YOUR OBJECTIVE —
Skip the pictures. Return exactly the lines from the one containing "Zavěšení kol Ložisko, rameno SKF VKDS 834011" through the end of the entries below.

Stored data entries
::::::::

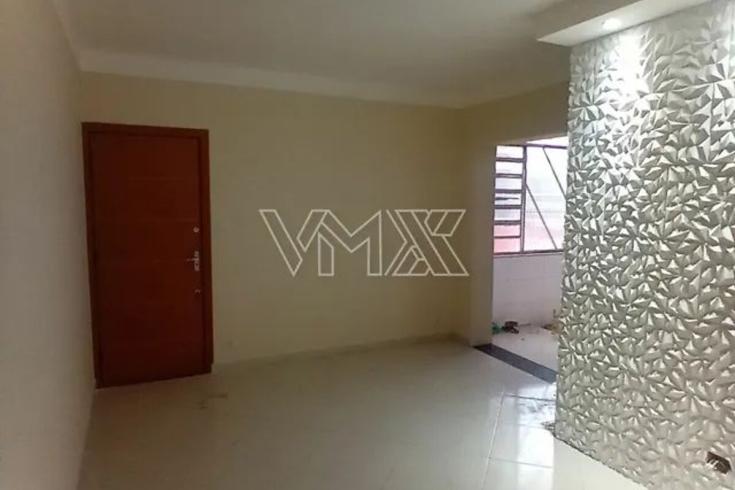 Apartamento com 1 quarto, foto 12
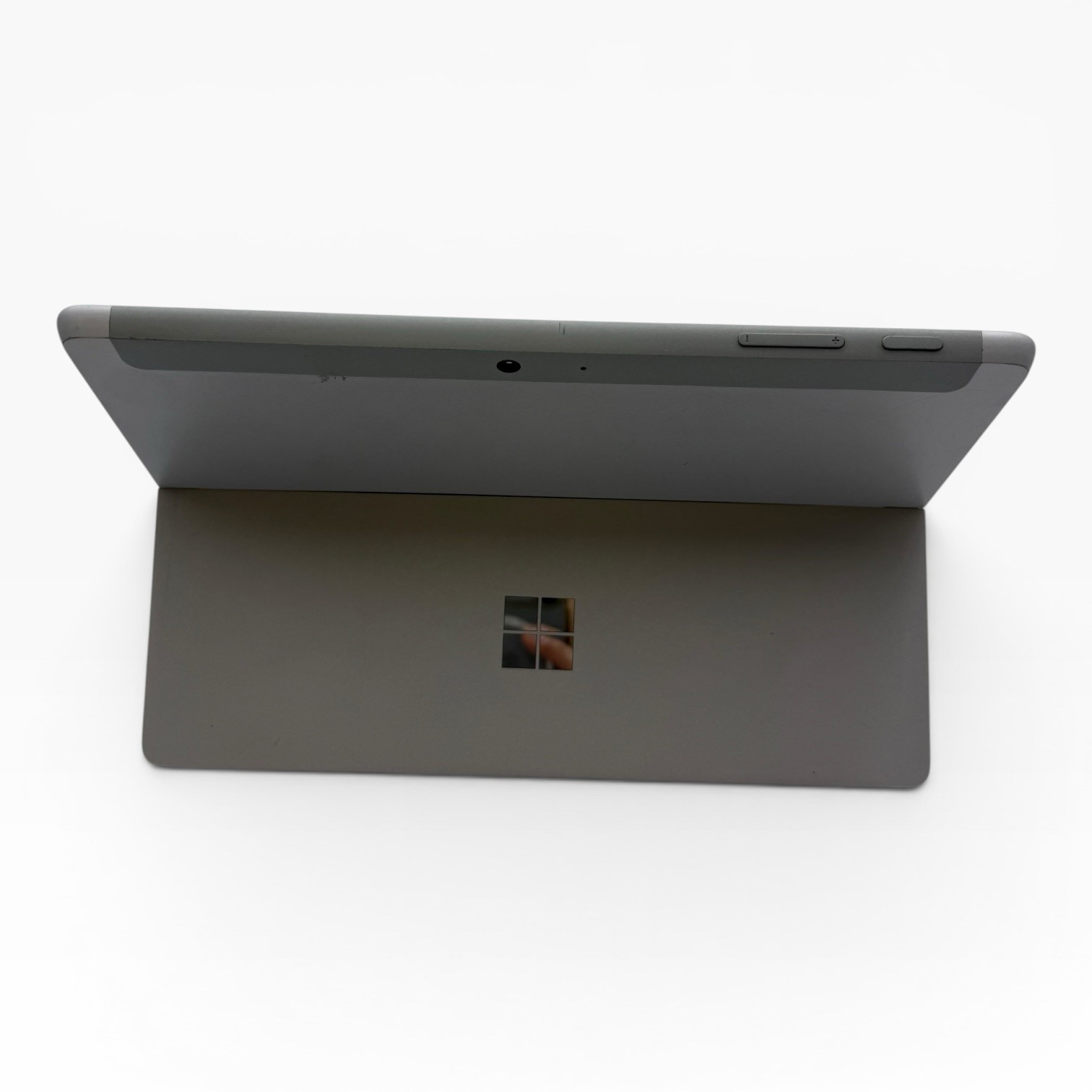 Microsoft Surface Go 2-10.5″ Intel M3-8100y Touch-Screen 8gb / 128gb win10 pro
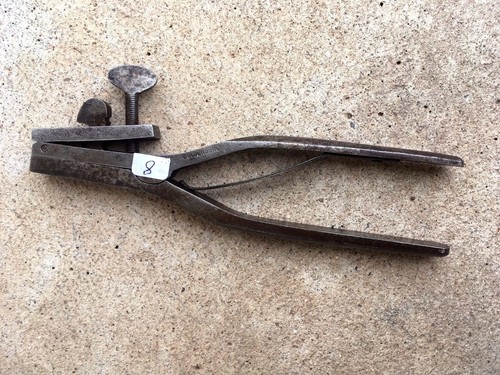 Outil ancien old - outil, ancien,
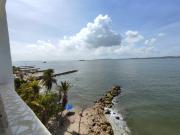 Apartamento en venta Edificio Marinare Laguito Cartagena...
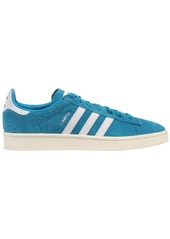 Adidas Campus Hairy Suede Sneakers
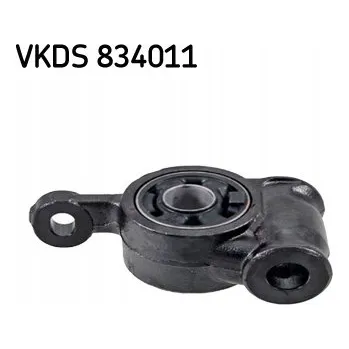 Zavěšení kol Ložisko, rameno SKF VKDS 834011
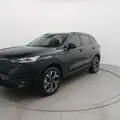 GWM HAVAL H6 1.5 PHEV PREMIUM AWD E-TRACTION GWM HAVAL H6 1.5 PHEV PREMIUM AWD E-TRACTION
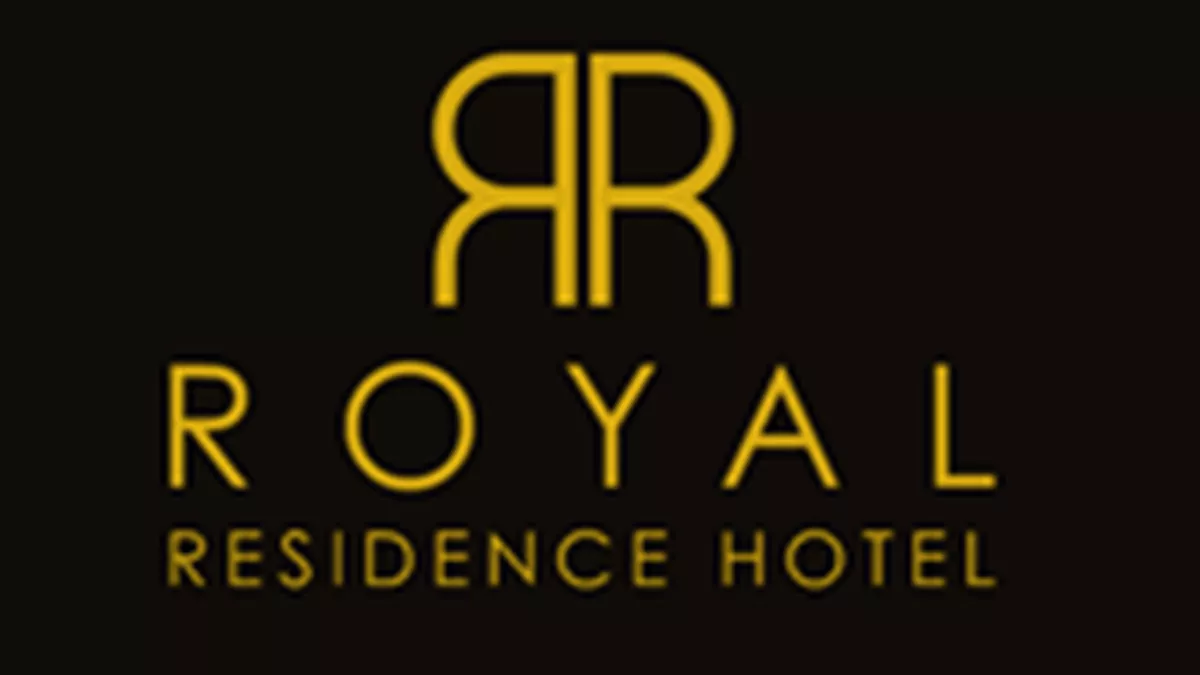 Royal Residence Resort 1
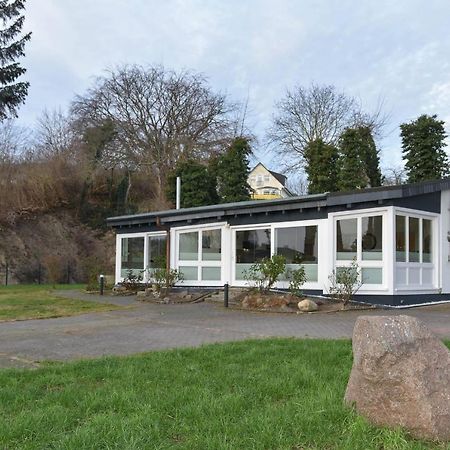 Ferienhaus Wiesenblick Heringsdorf  Kültér fotó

::::::::

WRITTEN RESPONSE —
 Zavěšení kol Ložisko, rameno SKF VKDS 834011
 GWM HAVAL H6 1.5 PHEV PREMIUM AWD E-TRACTION GWM HAVAL H6 1.5 PHEV PREMIUM AWD E-TRACTION
 Royal Residence Resort 1
 Ferienhaus Wiesenblick Heringsdorf  Kültér fotó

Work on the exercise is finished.